To Kill a Mockingbird to me is about the innocence of youth and how quickly it can be snuffed out. Jennifer and her brother died too young, and I wonder about the adults they could have become. Scout is like Jennifer, an innocent dancing close to the edge of disaster and adulthood. She meets the unknown in the form of Boo Radley, and is expected to fear him. The story is all about that fear—the fear of losing your grip on the steering wheel of life, the fear of change and growth, the fear of what lies ahead.

It is fear that too often paralyzes us as we grow up. We fear those who are different. We fear the ticking clock of our lives. We fear learning and trying.

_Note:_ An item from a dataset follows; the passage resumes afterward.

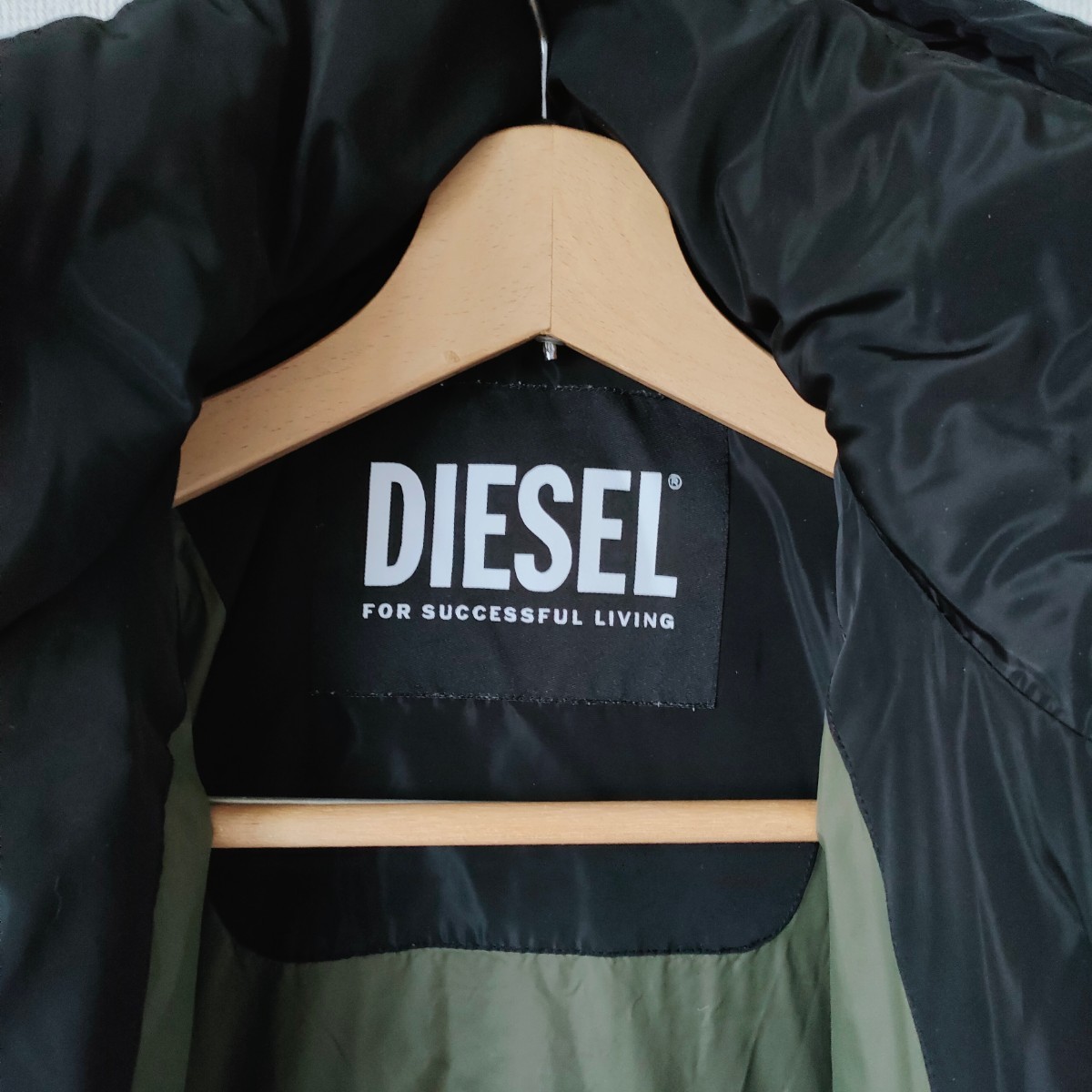 DIESEL 中綿ポリエステル　フード付　ダウンジャケット　ブラック_画像6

Jennifer read To Kill a Mockingbird in school. I did, too. This summer it's my nephew William Harvey's turn. It’s his first assignment for Austin High School's Academy for Global Studies. Soon he will take a seat on a bus much like the one on which Jennifer and I met long ago. He will try desperately to find his place in the world. Like school children have for 50 years, he will look into the pages of this book of youth and, I hope, realize, as Scout did, that, despite the fear and uncertainty of the future, every new day is a gift of adventure if we choose to embrace it. I urge my nephew to dance forward with an open mind and an open heart, and embrace the possibilities.